I'm trying to prove this:
Let $R$ be an equivalence relation in $X$. Show that $A$ is open in $X/R .\iff \bigcup_{[x]\in A}[x]$ is open in $X$
One of the first things that come to my mind is that there may be a typo, the last set shouldn't be $\bigcup_{[x]\in A}x$?.
Still I don't know how to solve this problem. I consider that there is a projection $p:X\to X/R$, then it seems I could take the set and the preimage of it to check if its open.
Trying to prove it I wrote this:
$(1)$ Suppose $A$ is open in $X/R$.
Since $X/R$ has the quotient topology, for $A\subset X/R$ must be $p^{-1}(A)\subset X$ open. Doesn't look like the direct implication follows immediatly?, $A$ is a set of equivalence classes, the union of all equivalence classes inside $A$ wouldn't be $A$ itself?, then $\bigcup_{[x]\in A}x$ must be open in x
$(2)$ Suppose $\bigcup_{[x]\in A}x$ is open in $X$.
This may not look as straight forward as $(1)$ (if it was), but isn't $p$ a projection, then $p$ continous?. If that's the case $p^{-1}$ would carry open sets to open sets and closed sets to closed sets, then by $(1)$ $A$ must be open in $X/R$ otherwise the set $\bigcup_{[x]\in A}x$ would be closed.
There is no typo in the statement. Note that $[x]\subseteq X$ and $x\in X$. A union makes sense only for the former objects in this case.
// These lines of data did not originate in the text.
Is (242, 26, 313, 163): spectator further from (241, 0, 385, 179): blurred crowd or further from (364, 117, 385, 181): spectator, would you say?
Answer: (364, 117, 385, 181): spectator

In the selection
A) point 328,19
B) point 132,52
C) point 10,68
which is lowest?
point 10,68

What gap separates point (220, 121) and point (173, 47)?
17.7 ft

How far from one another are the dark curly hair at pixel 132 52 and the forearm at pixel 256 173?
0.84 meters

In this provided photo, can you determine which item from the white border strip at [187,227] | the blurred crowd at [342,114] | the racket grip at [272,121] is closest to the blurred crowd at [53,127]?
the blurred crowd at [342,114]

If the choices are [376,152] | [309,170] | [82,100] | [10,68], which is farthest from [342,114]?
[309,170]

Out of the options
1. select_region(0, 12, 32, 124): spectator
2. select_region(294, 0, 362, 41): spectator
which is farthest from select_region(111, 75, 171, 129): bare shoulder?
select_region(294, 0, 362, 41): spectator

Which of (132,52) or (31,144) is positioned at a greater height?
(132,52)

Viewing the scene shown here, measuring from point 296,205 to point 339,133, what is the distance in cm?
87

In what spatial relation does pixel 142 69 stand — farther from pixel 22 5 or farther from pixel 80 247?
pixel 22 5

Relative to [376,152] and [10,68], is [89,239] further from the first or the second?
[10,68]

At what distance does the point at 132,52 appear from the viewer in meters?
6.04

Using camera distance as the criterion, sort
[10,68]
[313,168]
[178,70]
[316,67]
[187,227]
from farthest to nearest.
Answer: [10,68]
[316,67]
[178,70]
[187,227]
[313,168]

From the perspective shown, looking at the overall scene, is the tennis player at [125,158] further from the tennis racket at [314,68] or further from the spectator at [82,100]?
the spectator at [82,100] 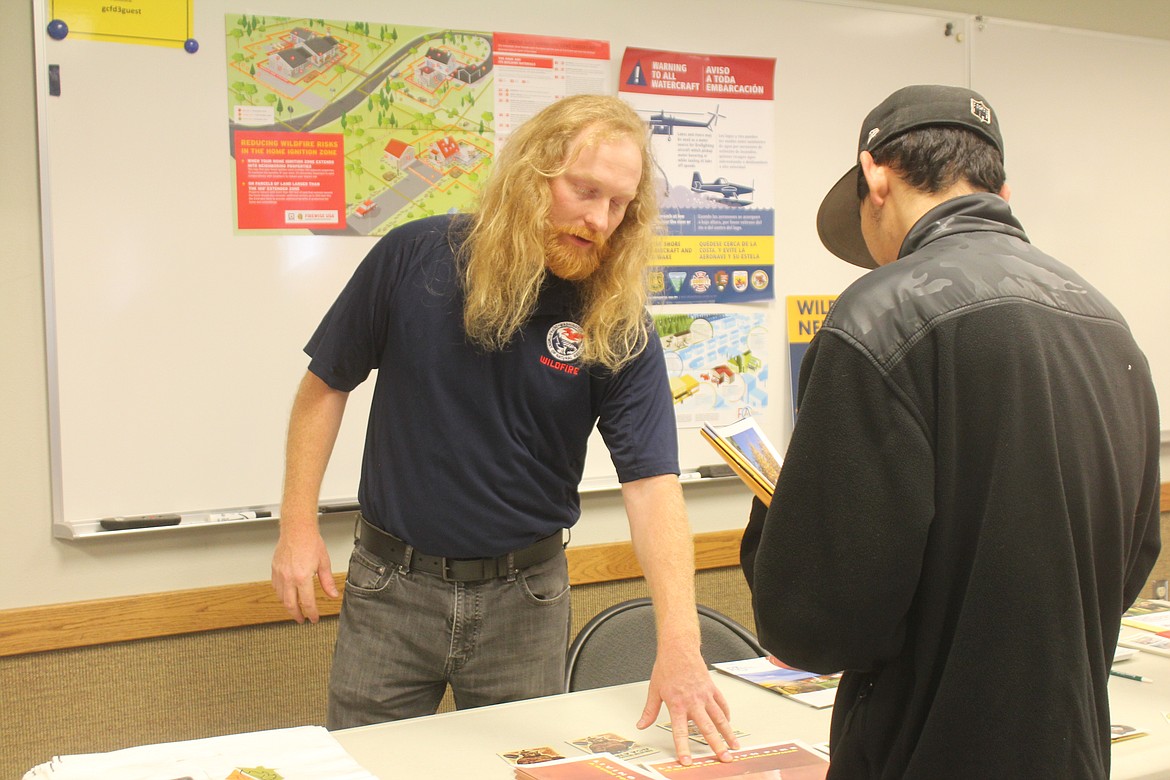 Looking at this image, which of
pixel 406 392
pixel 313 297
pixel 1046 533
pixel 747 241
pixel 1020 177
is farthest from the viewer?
pixel 1020 177

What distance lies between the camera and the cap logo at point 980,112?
117cm

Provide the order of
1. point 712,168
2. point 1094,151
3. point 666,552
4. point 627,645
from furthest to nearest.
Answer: point 1094,151 → point 712,168 → point 627,645 → point 666,552

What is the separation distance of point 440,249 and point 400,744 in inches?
34.0

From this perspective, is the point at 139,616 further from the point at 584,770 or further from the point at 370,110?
the point at 584,770

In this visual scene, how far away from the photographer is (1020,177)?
11.4 feet

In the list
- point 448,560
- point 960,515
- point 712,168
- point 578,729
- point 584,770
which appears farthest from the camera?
point 712,168

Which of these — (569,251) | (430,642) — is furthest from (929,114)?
(430,642)

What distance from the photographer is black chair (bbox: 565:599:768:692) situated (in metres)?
2.08

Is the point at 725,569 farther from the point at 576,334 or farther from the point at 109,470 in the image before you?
the point at 109,470

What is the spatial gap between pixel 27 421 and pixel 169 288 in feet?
1.42

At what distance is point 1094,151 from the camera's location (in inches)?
142

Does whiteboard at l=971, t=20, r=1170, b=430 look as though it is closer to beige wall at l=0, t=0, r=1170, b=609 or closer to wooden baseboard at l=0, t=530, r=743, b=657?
wooden baseboard at l=0, t=530, r=743, b=657

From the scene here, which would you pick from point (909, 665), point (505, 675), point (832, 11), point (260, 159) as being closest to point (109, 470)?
point (260, 159)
The definition of the quotient topology says that $U\subseteq X/R$ is open iff $p^{-1}U\subseteq X$ is open. So in your case, $A\subseteq X/R$ is a collection of equivalence classes, and $p^{-1}A=\bigcup_{[x]\in A} [x]$. Why? If $x\in p^{-1}A$ then $[x]=p(x)\in A$, so $x\in [x]\in \bigcup_{[x]\in A}[x]$. Hence $p^{-1}A\subseteq \bigcup_{[x]\in A} [x]$. Can you show the other inclusion?